> _SUPPLIED RECORDS_
━━━━━━
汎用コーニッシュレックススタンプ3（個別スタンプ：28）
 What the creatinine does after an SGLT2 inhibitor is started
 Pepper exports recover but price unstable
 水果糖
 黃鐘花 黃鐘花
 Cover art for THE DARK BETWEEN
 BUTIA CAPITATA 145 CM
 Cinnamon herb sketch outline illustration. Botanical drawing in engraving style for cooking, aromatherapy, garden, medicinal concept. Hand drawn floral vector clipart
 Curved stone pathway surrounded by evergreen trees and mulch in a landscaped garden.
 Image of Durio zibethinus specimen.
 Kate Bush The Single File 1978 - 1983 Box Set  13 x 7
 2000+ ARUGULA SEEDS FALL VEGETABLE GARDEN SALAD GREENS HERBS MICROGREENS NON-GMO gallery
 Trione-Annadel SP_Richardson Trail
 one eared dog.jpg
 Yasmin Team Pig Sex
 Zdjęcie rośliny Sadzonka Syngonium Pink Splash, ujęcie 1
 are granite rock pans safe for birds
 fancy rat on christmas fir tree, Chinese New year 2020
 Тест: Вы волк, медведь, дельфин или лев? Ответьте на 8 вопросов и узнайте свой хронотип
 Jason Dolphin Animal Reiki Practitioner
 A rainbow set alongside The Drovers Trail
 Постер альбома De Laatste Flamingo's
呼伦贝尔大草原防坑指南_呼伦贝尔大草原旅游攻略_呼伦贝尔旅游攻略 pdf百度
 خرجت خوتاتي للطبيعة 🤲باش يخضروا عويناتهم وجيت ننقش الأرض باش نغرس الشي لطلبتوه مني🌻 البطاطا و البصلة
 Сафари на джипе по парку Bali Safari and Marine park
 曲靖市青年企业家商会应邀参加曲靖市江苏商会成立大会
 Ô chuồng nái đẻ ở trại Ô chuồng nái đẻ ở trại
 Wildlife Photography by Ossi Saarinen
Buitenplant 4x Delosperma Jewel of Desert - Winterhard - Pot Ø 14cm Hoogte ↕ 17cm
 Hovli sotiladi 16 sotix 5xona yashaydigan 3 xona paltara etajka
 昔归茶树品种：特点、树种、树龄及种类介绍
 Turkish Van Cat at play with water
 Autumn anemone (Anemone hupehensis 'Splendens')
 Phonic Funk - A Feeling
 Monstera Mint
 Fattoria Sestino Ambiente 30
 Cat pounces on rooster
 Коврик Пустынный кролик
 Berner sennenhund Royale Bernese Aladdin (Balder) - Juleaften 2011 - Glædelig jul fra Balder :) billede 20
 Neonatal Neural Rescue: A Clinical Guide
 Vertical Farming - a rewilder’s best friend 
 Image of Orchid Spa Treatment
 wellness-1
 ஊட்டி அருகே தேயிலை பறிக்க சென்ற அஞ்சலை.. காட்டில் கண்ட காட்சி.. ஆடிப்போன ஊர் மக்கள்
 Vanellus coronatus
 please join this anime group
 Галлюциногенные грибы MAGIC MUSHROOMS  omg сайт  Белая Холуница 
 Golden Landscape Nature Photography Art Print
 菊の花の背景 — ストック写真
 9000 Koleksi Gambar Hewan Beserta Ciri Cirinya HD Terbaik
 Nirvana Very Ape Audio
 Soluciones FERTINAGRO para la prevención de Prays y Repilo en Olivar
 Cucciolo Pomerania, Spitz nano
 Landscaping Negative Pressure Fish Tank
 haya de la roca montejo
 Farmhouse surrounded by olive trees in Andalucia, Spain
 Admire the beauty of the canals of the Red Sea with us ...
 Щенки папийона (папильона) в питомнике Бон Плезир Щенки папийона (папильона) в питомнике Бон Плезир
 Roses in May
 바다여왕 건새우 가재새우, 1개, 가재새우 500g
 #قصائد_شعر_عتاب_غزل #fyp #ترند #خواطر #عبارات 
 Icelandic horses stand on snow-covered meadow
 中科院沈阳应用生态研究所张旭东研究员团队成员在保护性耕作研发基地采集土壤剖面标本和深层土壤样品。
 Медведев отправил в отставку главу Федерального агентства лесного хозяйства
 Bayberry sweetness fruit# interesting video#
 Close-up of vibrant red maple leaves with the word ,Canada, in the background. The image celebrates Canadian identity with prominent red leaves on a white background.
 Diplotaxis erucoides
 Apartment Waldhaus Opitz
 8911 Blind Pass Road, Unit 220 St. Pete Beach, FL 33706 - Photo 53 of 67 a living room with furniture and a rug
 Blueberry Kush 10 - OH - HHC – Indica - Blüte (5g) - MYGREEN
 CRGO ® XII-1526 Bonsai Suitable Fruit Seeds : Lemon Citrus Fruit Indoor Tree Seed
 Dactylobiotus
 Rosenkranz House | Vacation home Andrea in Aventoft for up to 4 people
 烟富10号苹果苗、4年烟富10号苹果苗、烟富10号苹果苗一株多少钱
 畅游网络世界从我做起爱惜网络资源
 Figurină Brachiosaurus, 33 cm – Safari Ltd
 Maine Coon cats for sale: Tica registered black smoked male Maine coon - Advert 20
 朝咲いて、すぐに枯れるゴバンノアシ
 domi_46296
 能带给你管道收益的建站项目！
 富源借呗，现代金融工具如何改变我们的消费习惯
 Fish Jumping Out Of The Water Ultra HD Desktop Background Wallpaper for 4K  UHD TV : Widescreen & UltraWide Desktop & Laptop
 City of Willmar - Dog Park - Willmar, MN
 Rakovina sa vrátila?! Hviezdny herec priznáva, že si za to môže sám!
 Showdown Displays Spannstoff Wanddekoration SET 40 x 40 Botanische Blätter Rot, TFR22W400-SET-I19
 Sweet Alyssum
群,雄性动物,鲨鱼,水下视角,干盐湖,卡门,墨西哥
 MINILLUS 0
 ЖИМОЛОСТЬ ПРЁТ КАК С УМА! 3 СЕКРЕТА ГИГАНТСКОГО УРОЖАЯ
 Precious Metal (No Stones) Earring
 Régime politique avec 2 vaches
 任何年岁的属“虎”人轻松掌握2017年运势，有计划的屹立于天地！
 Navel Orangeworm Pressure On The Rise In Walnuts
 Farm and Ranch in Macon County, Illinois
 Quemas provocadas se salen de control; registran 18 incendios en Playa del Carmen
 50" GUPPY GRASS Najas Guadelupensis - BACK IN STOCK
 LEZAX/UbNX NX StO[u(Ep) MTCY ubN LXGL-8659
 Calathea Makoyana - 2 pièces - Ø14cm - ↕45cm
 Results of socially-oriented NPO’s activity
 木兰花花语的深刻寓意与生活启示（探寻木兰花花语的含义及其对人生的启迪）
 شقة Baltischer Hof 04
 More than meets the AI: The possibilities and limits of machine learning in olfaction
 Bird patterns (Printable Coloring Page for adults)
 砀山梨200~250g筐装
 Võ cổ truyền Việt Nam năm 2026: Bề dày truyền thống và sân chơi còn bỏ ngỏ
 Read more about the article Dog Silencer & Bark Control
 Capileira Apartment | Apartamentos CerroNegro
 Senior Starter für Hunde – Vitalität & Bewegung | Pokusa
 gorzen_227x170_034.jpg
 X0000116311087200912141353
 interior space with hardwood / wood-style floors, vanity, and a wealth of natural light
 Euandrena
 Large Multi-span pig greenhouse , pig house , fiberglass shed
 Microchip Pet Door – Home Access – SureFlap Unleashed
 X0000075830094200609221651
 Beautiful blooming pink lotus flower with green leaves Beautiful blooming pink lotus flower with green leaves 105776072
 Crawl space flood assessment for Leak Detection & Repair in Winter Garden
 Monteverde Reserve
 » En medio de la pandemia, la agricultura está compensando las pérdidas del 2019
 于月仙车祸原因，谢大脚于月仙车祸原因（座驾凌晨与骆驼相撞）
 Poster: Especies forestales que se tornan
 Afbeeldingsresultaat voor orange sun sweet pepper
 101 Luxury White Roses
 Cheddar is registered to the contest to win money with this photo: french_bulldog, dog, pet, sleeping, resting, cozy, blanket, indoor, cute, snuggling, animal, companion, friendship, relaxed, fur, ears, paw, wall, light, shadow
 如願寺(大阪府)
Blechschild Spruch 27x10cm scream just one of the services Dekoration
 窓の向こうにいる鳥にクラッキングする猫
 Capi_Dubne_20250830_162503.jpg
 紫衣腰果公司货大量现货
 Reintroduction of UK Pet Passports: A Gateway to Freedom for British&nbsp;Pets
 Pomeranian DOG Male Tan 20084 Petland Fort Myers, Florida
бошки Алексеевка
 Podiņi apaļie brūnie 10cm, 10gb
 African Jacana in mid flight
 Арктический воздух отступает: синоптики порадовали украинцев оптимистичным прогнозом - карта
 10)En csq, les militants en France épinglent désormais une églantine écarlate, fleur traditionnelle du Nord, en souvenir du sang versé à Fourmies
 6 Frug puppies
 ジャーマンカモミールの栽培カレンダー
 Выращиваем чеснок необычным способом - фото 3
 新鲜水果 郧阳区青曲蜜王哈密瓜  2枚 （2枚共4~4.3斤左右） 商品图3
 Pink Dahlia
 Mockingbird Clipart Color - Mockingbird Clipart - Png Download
━━━━━━
> _EXERCISE_
Looking at the entries, work out how many lines include the word "style" and give the number by itself.

> _TASK RESPONSE_
2